[svn.haxx.se] · SVN Dev · SVN Users · SVN Org · TSVN Dev · TSVN Users · Subclipse Dev · Subclipse Users · this month's index

Re: Merge mode (Was Classifying files as binary or text)

From: Mike Samuel <mikesamuel_at_gmail.com>
Date: Tue, 17 Nov 2009 20:23:38 -0800

What are the advantages of taking into account file path and mime-type
over having autoprops look at mime-type and squirrel information away
in the mime-type?

If file name is taken into account, how does diffing with ancestry
work when a file has been added as a result of an svn mv or svn cp?

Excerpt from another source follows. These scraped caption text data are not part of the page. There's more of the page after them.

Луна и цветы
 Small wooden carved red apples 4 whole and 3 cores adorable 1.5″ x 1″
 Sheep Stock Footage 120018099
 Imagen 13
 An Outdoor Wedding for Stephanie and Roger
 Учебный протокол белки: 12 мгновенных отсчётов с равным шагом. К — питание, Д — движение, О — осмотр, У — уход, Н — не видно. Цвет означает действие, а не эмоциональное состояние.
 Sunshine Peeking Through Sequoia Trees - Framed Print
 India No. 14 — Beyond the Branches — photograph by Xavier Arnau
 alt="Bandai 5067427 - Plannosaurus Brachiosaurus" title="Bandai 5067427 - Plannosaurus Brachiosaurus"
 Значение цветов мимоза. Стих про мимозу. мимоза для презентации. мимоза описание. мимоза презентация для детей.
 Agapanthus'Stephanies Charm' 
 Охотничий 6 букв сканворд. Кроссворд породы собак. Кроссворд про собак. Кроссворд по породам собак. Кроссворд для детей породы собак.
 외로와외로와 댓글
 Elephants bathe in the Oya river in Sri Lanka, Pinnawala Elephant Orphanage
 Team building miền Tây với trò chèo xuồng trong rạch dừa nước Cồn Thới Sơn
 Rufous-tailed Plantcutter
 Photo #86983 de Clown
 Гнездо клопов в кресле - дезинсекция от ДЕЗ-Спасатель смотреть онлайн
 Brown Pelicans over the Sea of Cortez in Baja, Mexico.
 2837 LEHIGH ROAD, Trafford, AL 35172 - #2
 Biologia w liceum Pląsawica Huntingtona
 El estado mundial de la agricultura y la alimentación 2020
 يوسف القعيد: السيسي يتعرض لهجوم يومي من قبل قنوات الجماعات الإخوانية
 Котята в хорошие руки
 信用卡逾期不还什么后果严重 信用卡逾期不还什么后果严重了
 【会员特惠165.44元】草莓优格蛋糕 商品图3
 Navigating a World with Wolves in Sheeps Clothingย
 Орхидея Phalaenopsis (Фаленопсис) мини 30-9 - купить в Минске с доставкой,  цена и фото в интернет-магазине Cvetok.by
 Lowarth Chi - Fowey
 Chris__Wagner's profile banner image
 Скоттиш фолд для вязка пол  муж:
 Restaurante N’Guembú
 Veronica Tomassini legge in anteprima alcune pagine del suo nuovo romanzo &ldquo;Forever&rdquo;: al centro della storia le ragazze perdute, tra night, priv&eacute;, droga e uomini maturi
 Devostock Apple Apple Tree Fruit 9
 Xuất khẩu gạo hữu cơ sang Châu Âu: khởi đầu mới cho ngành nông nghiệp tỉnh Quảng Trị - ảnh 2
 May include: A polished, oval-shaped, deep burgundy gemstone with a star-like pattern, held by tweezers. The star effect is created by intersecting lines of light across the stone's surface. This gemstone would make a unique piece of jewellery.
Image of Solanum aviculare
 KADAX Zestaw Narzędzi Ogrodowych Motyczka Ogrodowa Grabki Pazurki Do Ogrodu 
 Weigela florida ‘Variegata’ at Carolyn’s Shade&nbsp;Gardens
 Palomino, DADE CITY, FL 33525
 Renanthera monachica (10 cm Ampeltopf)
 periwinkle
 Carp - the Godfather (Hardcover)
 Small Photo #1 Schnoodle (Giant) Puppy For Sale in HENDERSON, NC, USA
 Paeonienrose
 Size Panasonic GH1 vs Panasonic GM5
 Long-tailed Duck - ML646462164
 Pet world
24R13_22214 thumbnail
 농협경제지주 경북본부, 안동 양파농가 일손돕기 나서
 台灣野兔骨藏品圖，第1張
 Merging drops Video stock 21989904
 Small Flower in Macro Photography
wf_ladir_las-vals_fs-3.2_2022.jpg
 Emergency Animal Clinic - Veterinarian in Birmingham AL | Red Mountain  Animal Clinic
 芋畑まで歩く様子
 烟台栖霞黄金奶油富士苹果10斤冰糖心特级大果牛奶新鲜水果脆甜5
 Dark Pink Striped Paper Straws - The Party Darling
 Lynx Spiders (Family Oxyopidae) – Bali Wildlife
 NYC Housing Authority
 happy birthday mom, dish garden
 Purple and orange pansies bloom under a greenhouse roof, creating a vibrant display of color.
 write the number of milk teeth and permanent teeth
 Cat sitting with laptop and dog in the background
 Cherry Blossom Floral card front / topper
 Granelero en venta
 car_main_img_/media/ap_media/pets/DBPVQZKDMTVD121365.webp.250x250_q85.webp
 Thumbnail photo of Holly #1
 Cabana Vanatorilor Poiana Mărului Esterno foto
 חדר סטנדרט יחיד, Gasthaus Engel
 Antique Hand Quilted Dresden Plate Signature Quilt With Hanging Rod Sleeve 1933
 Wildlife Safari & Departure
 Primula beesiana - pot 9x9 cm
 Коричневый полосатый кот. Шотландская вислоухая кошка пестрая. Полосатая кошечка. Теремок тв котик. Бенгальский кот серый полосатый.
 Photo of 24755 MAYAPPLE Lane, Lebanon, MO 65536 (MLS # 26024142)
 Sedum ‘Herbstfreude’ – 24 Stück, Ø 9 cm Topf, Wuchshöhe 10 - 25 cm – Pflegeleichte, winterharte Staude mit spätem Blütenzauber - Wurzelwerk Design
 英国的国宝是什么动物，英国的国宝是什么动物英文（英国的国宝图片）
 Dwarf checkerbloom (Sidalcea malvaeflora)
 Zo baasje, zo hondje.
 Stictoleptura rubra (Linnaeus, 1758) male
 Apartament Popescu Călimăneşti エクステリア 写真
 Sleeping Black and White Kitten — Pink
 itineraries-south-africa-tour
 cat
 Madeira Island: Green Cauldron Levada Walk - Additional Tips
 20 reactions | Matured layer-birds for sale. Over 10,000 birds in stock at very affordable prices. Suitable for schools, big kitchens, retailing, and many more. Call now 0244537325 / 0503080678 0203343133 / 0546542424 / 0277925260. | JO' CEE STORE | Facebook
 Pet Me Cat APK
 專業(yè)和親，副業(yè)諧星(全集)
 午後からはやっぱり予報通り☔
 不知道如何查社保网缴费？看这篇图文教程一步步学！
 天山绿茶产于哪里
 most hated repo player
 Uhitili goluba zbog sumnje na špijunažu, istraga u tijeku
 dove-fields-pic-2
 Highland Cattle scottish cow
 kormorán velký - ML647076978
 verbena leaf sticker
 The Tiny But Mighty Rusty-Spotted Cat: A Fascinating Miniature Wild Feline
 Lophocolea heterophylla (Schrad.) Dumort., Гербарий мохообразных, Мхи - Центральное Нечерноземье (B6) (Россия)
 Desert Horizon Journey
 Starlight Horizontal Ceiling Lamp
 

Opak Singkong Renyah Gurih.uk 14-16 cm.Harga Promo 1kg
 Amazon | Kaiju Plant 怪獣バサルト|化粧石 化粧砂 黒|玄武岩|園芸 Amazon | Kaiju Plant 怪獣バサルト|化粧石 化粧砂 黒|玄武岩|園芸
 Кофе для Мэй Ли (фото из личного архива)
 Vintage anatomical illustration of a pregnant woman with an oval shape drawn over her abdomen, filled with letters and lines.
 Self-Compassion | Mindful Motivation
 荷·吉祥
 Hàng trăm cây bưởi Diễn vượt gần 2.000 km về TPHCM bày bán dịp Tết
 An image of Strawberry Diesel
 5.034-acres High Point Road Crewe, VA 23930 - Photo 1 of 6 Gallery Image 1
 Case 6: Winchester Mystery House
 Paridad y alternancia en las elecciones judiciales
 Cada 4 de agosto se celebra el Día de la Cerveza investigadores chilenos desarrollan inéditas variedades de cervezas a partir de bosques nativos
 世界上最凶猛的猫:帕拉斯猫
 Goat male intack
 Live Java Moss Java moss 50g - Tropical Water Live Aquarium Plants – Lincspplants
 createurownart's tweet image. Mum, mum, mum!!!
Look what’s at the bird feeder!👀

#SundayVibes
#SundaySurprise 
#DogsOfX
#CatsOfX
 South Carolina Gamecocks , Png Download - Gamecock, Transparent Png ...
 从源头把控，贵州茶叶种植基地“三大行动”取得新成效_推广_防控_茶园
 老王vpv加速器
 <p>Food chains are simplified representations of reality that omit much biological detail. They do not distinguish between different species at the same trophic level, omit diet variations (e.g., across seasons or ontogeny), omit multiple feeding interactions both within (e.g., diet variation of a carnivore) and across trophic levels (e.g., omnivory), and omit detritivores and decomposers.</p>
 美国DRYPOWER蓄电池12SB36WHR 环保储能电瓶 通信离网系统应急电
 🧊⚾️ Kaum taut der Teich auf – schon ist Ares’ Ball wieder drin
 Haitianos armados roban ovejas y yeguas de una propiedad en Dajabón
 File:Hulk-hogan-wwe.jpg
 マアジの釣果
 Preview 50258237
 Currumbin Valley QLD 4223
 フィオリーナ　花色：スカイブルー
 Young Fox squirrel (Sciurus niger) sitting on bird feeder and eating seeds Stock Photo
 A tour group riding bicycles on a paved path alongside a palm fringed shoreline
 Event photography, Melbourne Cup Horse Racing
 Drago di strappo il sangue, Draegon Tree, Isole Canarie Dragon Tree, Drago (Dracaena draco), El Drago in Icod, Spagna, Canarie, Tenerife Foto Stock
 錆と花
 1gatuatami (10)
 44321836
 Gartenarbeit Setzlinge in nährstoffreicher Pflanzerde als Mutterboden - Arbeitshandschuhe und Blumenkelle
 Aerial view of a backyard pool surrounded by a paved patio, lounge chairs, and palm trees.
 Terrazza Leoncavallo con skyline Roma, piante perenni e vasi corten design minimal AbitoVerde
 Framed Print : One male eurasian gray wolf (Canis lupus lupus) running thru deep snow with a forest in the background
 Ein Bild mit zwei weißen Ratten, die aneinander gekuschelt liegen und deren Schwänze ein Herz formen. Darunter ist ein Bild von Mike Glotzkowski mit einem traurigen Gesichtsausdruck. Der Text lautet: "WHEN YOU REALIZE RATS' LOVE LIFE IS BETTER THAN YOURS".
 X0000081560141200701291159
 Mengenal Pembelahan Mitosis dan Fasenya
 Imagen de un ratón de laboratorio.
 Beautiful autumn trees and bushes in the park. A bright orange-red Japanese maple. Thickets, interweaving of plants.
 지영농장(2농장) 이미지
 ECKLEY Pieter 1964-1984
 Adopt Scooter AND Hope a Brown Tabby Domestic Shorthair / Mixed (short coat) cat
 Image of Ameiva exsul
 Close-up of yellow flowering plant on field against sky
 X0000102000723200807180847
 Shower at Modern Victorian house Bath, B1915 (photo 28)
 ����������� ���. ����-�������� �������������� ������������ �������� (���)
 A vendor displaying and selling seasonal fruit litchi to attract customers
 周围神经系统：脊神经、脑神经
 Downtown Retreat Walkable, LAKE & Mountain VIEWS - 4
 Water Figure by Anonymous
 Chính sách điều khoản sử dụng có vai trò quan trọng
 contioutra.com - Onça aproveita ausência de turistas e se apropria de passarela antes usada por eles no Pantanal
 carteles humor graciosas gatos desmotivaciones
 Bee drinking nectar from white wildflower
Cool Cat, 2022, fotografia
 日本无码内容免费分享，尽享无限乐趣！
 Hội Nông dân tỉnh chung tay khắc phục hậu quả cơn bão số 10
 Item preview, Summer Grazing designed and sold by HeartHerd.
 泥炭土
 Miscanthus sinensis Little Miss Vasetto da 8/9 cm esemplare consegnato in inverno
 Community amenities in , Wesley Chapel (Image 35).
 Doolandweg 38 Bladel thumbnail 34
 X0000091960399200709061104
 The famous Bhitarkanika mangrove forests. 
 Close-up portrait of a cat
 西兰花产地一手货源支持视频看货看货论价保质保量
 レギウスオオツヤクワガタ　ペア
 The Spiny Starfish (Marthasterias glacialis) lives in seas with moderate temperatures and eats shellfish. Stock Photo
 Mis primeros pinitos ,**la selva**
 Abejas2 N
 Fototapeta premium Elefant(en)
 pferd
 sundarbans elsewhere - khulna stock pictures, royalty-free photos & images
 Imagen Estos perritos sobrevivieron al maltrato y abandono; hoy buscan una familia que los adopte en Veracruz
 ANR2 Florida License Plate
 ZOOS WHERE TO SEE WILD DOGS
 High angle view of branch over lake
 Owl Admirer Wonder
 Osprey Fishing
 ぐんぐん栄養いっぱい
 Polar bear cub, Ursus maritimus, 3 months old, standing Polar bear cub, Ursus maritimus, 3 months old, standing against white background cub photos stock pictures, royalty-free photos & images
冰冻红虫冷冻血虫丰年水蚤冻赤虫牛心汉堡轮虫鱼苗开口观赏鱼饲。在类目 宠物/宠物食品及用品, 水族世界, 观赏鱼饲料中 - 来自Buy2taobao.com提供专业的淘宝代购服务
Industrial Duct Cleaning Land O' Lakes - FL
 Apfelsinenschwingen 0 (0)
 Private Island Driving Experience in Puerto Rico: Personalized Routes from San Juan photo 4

2009/11/17 Julian Foad <julianfoad_at_btopenworld.com>:
> I need to spend some time replying, late at night though it is.
>
> Let me try to explain why I think a "how to merge" property should not
> be the primary indicator of how subversion should merge each file.
>
>
> Principle
> =========
>
> I have read that, in the realm of data handling, there is a principle
> that it is a bad idea to tag data with annotations that say what kind of
> actions can or should be performed on it. That kind of coupling is
> unscalable. Instead, it is better to tag data with an indication of what
> meaning and/or what syntax the data has, and then let tools decide what
> to do, based on that information.
>
> We already have one data-type indicator: svn:mime-type. Now, MIME type
> is far from a complete data type specifier. It is insufficient for our
> needs, in theory. However, in practice, it is nearly sufficient. (See
> Problem 2 below for an exception.)
>
> We also have another data-type indicator: the file name. A file name is
> also an incomplete source of metadata, and some file names ("README" or
> "CHANGES") give no indication at all of the format, but it is useful in
> many cases ("*.py", "*.c").
>
>
> Problem 1 (limited recognition of MIME types)
> =========
>
> Subversion mis-categorizes a lot of MIME types as "binary" (and
> therefore will not merge or diff or blame them) which really are
> line-based text formats.
>
> The list of such MIME types is continually evolving so it is not
> possible for Subversion to have a built-in complete list. However, it is
> easy for new releases of Subversion to have an updated list.
>
> It is not much harder for Subversion to have a configuarable list of
> which MIME types (or MIME type patterns) should be considered mergeable.
> (The configuration could be extensible: it could say line-wise-mergeable
> or not mergeable or XML-mergeable or ...)
>
>
> Problem 2 (mergeable and non-mergeable XML files)
> =========
>
> A user has some XML files on which a line-based merge is useful, and
> some XML files on which that is not useful, and wishes to label both
> kinds with svn:mime-type=text/xml. Let us suppose one format has each
> XML tag on a separate line, and the other has them all run together and
> line breaks inserted at arbitrary places in the sequence. It may be
> possible to find a different MIME type for one of the file types, but
> that may well not be possible, e.g. if they are both proprietary or
> arbitrary XML formats.
>
> This problem is not limited to XML files. Consider two "plain text"
> files, MIME type text/plain, with different kinds of text in them. One
> has line-based content, such as a shopping list, and changes usually
> leave many lines unchanged. The other contains the text of a newspaper
> article with line breaks at roughly every 70 characters in a stream of
> words, so two similar versions of it may have very few whole lines in
> common.
>
> I believe this is a real but relatively uncommon requirement. It is a
> genuine example of the MIME being insufficient to determine (line-wise)
> mergeability. There are many file formats that can be regarded as being
> (line-wise) mergeable or non-mergeable depending on some aspect of their
> content that cannot be reflected in the MIME type. It is uncommon in the
> sense that most Subversion users' needs can be satisfied by
> distinguishing mergeability based on the MIME type, or better the MIME
> type and file name taken together, of their files.
>
> To solve this problem when it exists, there does indeed need to be
> further metadata about the content type of the file. (Alternatively it
> could be metadata that says how to merge the file, but see "Principle"
> above.)
>
>
> Solution 0 (merge-mode)
> ==========
>
> So we could add a property to each file which says whether the file is
> to be considered line-wise mergeable by Subversion, and say that this
> property will be the primary source of this information. What are the
> pros and cons of this?

This seems to be similar to the proposal at the beginning of this thread.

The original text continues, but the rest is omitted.